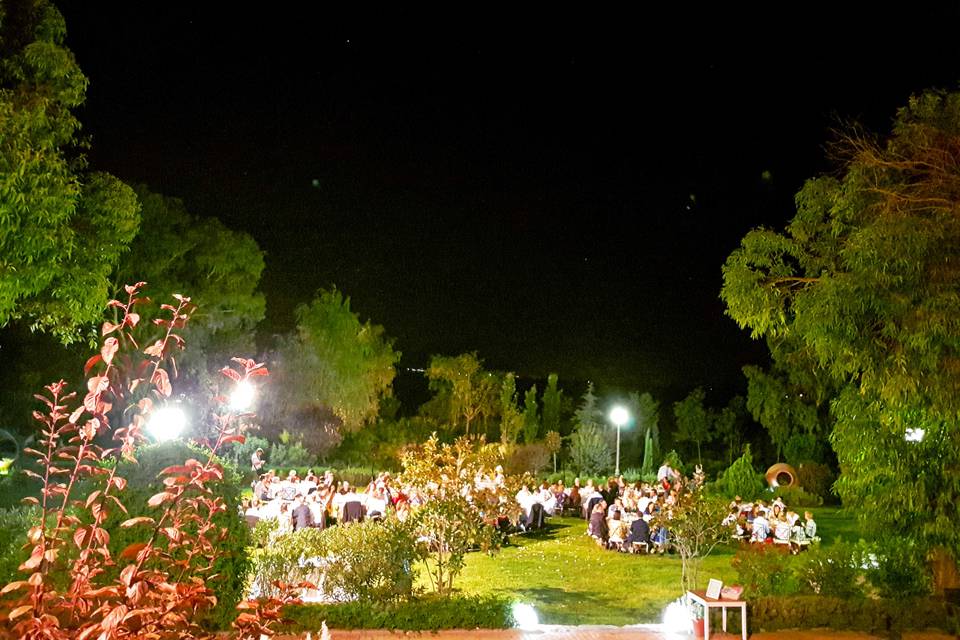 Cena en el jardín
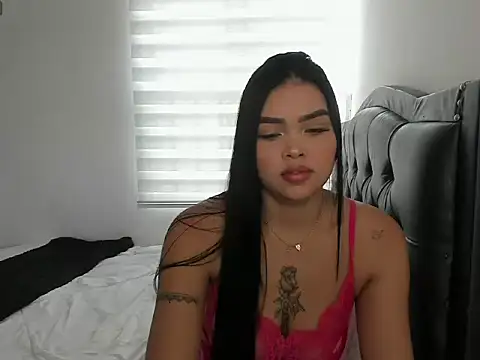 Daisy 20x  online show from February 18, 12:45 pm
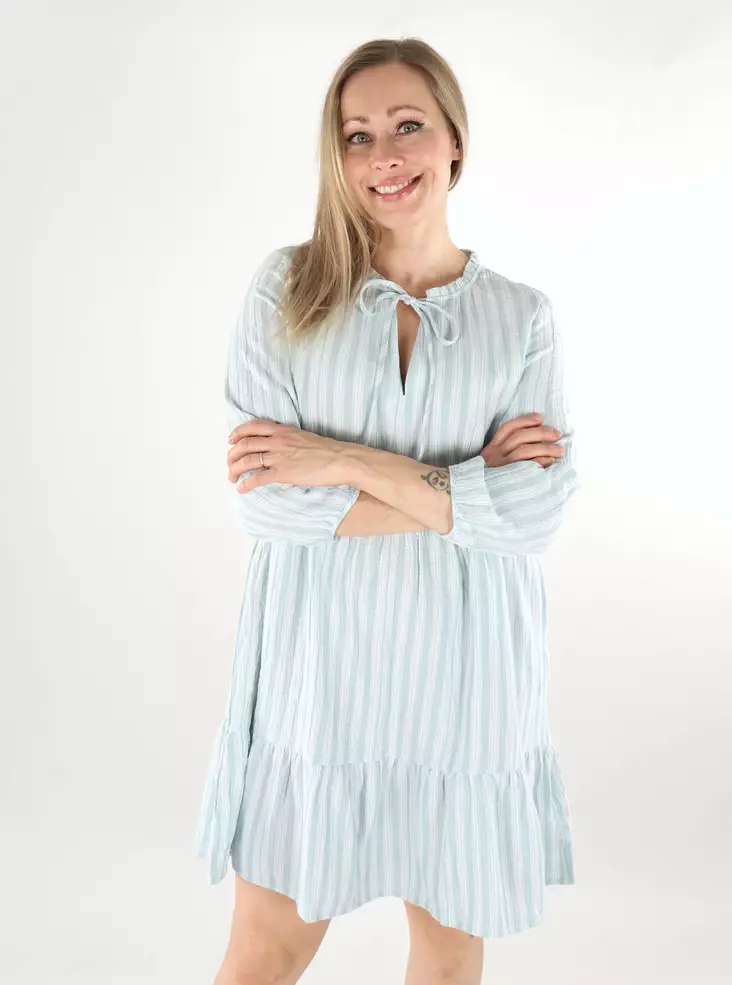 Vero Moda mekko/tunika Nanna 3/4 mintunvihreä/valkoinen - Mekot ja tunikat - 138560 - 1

## YOUR TASK
With the pictures removed, repeat the listing above exactly as it stands.

## SOLUTION FOR THIS EXERCISE
 Cena en el jardín
 Daisy 20x  online show from February 18, 12:45 pm
 Vero Moda mekko/tunika Nanna 3/4 mintunvihreä/valkoinen - Mekot ja tunikat - 138560 - 1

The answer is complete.